Serena said, "There's a room in the basement." Her voice was tremulous but slowly becoming st
ronger. She clutched the blanket tighter around herself. "We can tie her up down there, keep her until you're out of danger."
Ari wasn't sure she liked the plan, but it was better than anything she'd come up with. "Okay. You have something to tie her up with?"
"Uh. Yes. Yeah, down by the garage, there are some ropes we use for the boat. They should be enough to hold her. I'd get them myself, but I'm..." She gestured at her nakedness.
Ari looked between the two women. "Can I trust you alone with each other?"
Serena didn't take her eyes off Jacqueline. "I suppose you'll find out when you get back."
"Shit." Ari didn't see how she had much of a choice. She turned and jogged out of the house, jumped the railing, and ran to the end of the driveway.
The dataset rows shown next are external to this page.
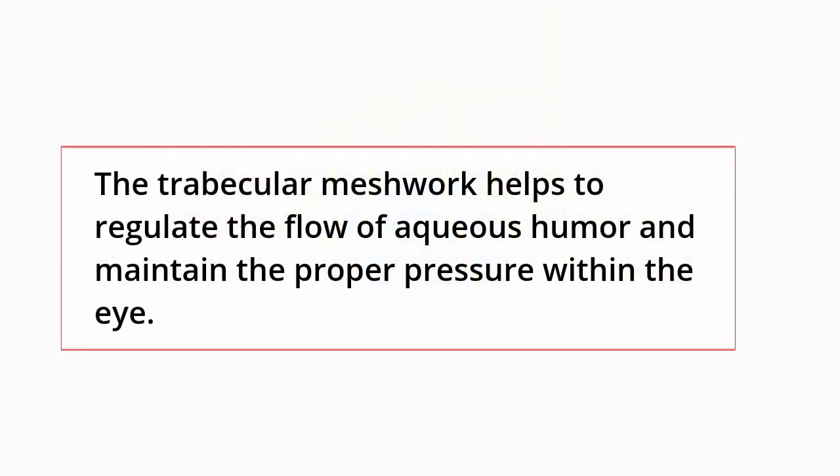The trabecular meshwork is a network of tiny channels located at the base of the iris. It helps to regulate the flow of aqueous humor and maintain the proper pressure within the eye.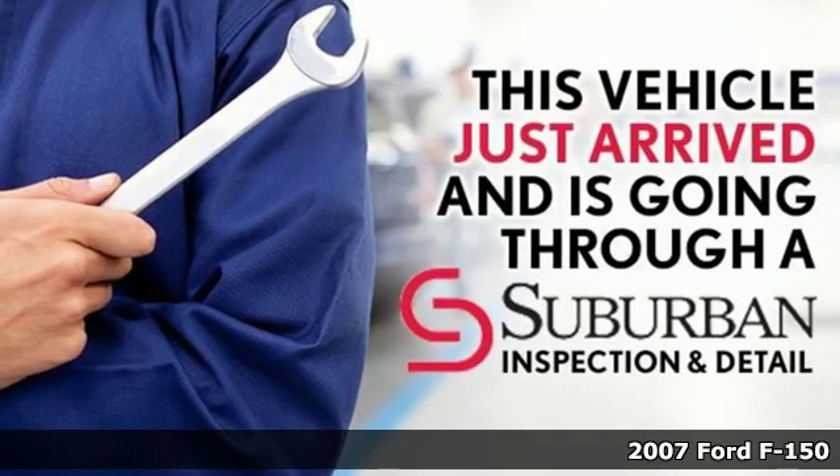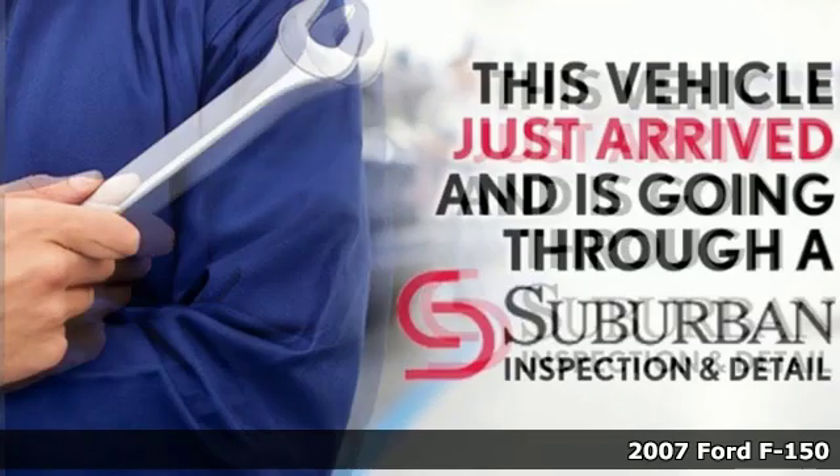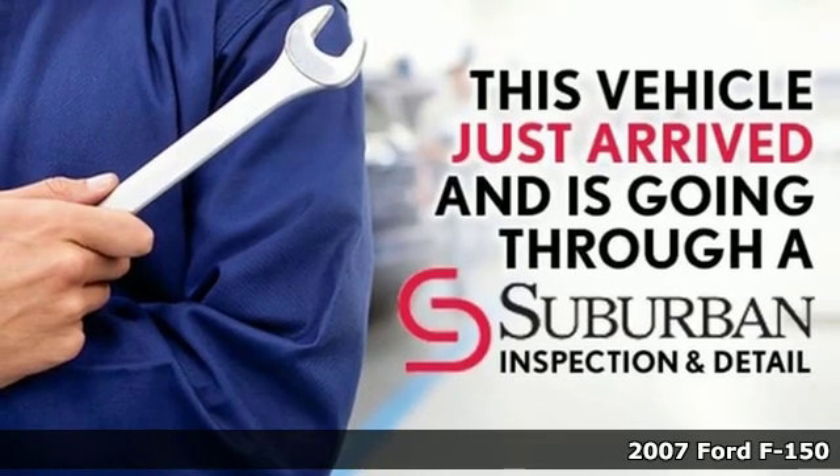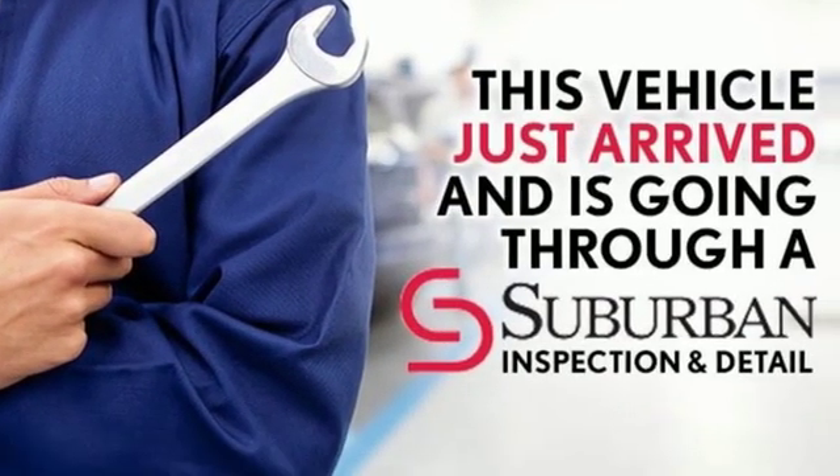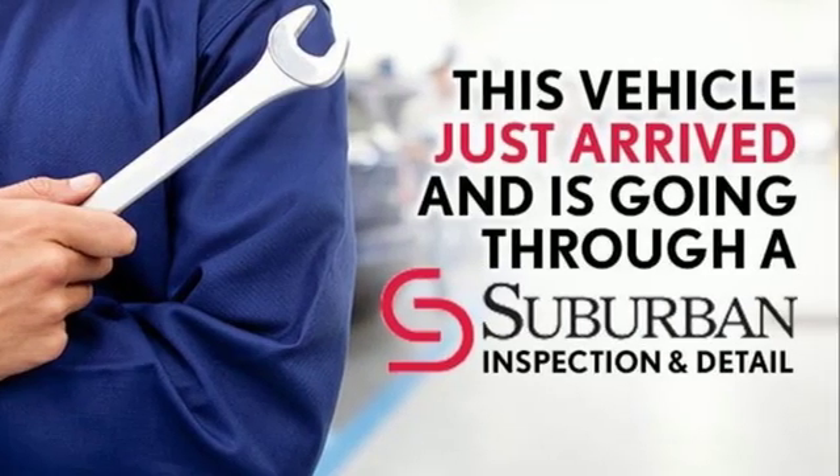It's a 2007 Ford F-150. Smart enough and tough enough to stand the test of time, the F-150 is a leader at the job site. It's well equipped with the features you need.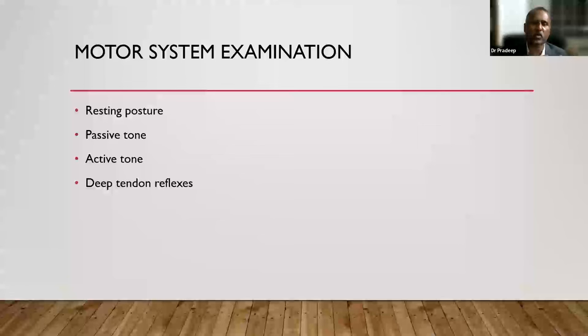At the end of assessing posture, passive tone, active tone, and deep tendon reflexes, you should clearly tell the examiner whether this baby's tone is normal, hypotonic, or hypertonic. If you can clearly state that after these four components, we will give you full marks. We might ask you to demonstrate one or two findings to prove your point. Tone assessment is the most critical part — you will always encounter tone abnormalities in clinical practice.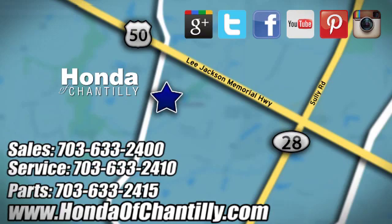Honda of Chantilly. We're conveniently located just south of Dulles Airport at 4175 Stonecroft Boulevard in Chantilly.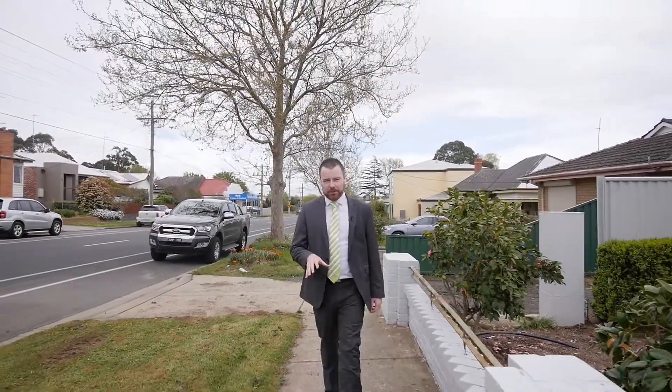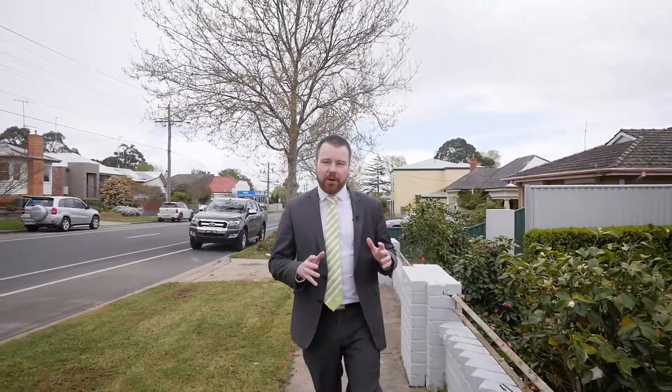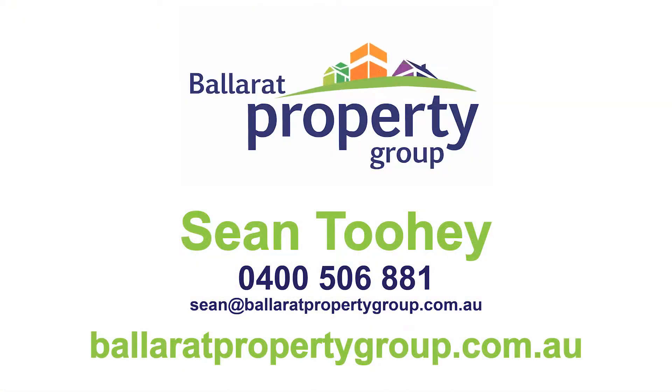With public transport right on your doorstep and we're just minutes away from the Ballarat CBD, this one will make an ideal investment or a first home. Give me a call, let's arrange your time for your private inspection today.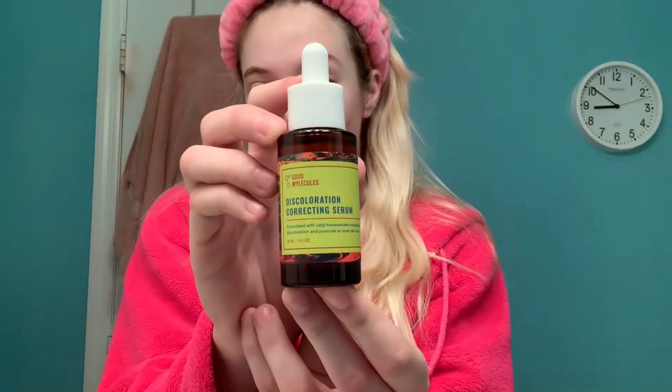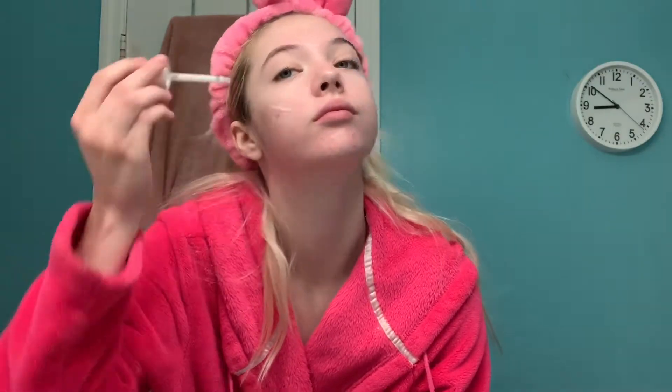Now for serum, I'm taking the Discoloration Correct Serum from Good Molecules as well. I just love this serum — it's so amazing for my skin because it really helps fade those dark spots and acne scars that I have.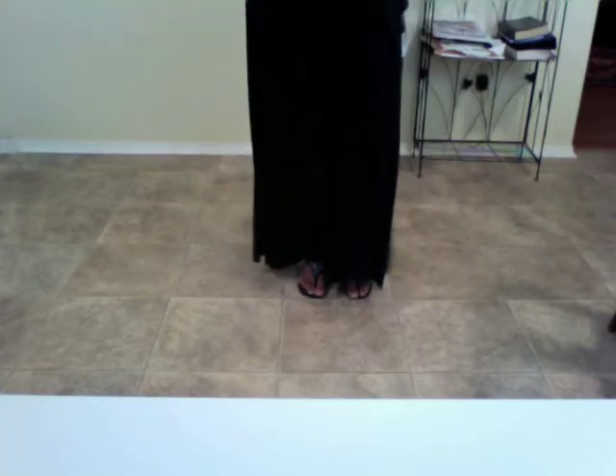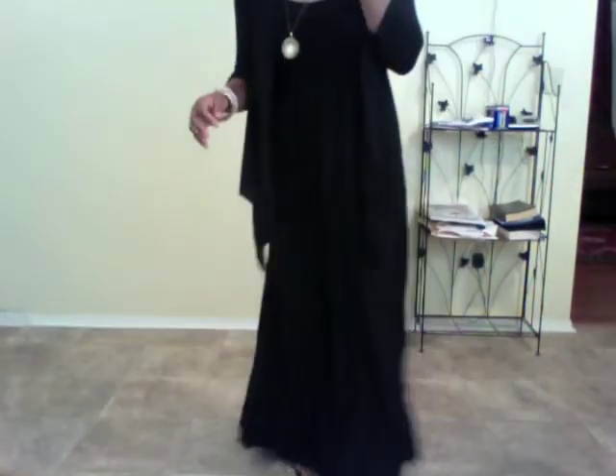For my shoes, I have on these Nine West sandal-looking things. I have had these for years and I love them — they are so, so comfortable. You really can't see my shoes on camera, but I love these. They're very, very comfortable and they're gonna take me through my whole day.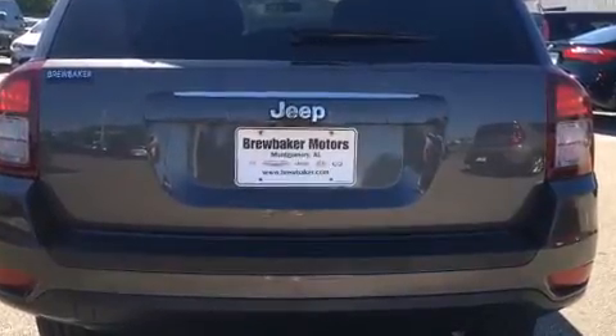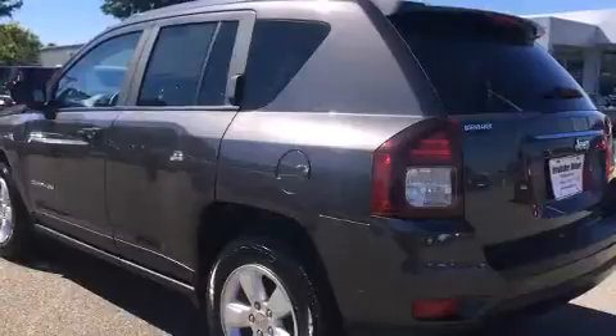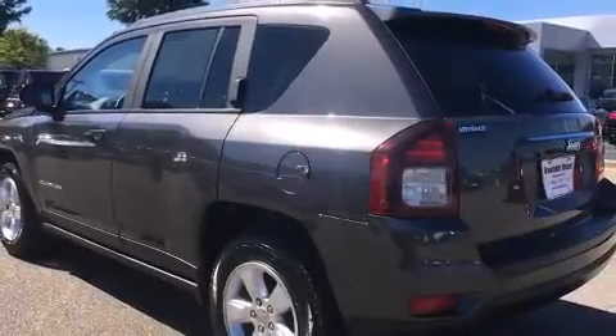Top features include front fog lights, a roof rack, rear wipers, and much more.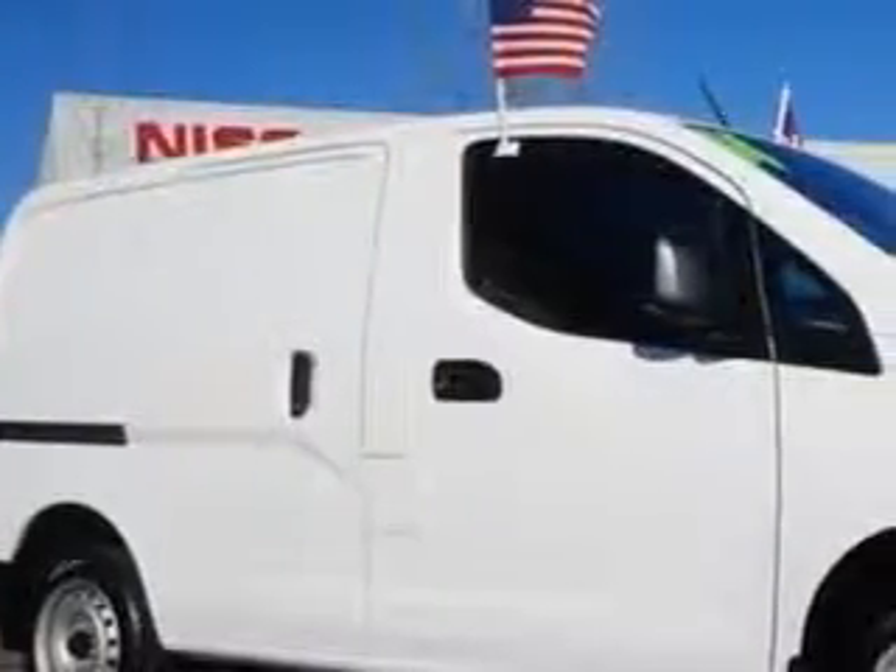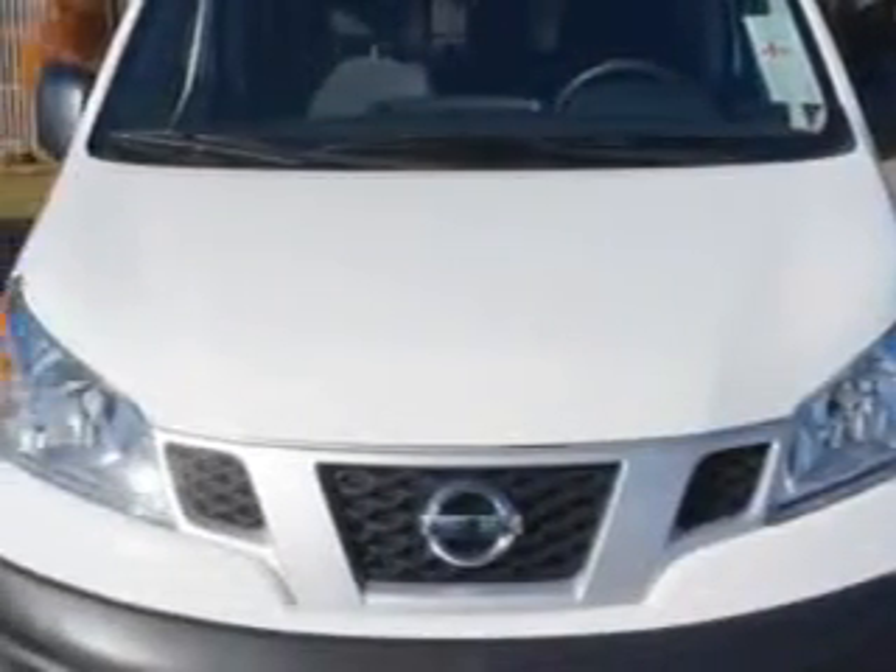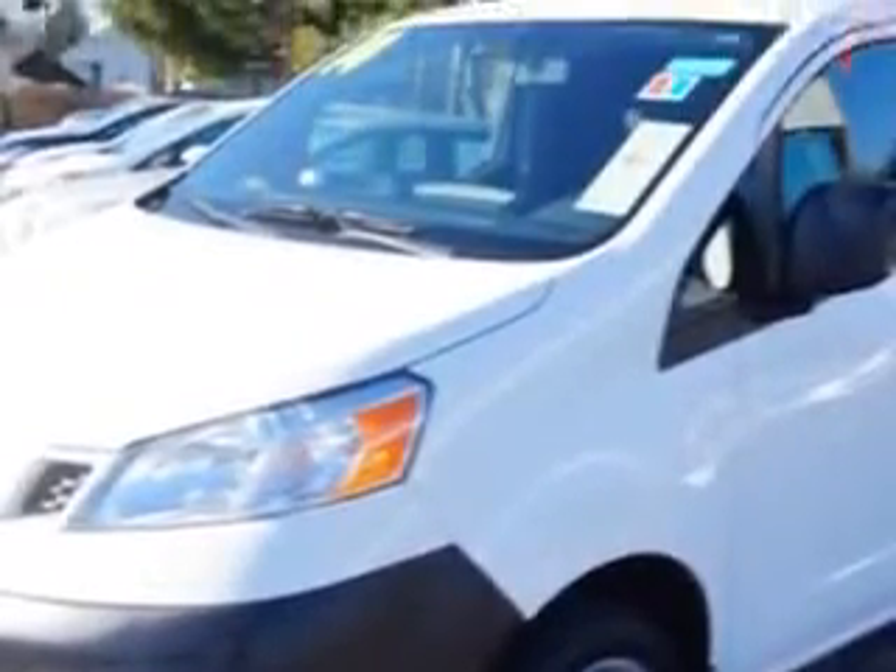Edison Nissan knows you want more in a car. You expect the best from your vehicle. Check out this 2014 Nissan NV200 cargo van, equipped with a 4-cylinder engine and a CVT transmission.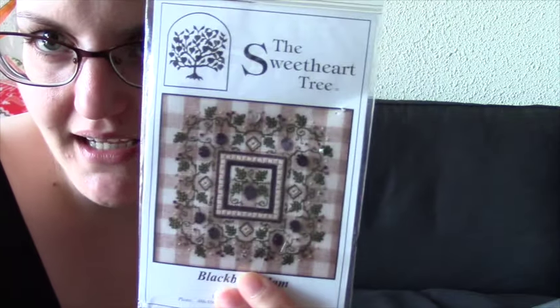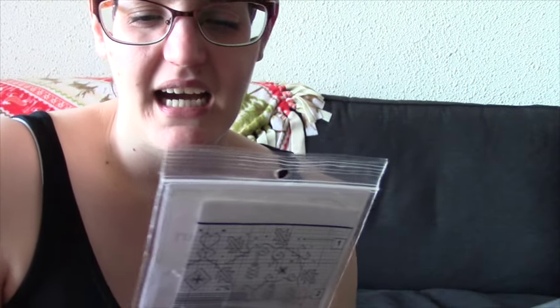Wait, one more thing — I mentioned this earlier but again, if you're interested in a giveaway for the Blackberry Jam pattern, let me know in the comments. I did use the heart charm so that wouldn't be included, but the beads are still here. I can't guarantee it's enough to fully bead a second one, but if you want the pattern let me know and I'll do a giveaway. Okay, bye!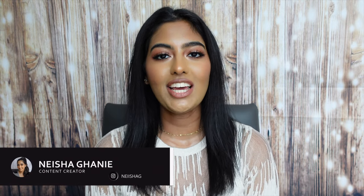Hey guys and welcome back to my channel. It's your girl Nisha and today I am back with another video. As you guys must have seen by the title, this is another huge Sephora haul. Oh my goodness, I feel like I haven't done one of these in a hot minute.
The ropes were coiled on the ground like snakes, and she crouched to slip them over her arm before running back to the house. Part of her knew what she would walk in to find, but she was still horrified by the sight of Serena stepping away from Jacqueline's bloody body.
Ari dropped the ropes and swayed on her feet, bracing her hands on the back of the couch to keep from falling over. She closed her eyes, angry at herself for not preventing what had just happened.
"Damn it, you didn't... you didn't have to do that."
Serena's voice was calm and measured. "She poisoned me. She caused my husband to get killed, and she planned to murder my children. That is all the provocation I needed."
"You're not thinking straight. The wolfsbane..."
"That drug fogged my thinking briefly, yes. But you brought me back from the brink." She casually wiped Jacqueline's blood from her hand using the blanket Ari had draped her with. "If this is indeed a war, Ariadne Willow, there will be casualties on both sides. You should either prepare for that, or you should get out of the way. Thank you for letting me know what I was up against, and for saving my life. If you hadn't arrived when you did, I fear I would have been caught completely unawares and there would be a different corpse staining my hardwood floor right now."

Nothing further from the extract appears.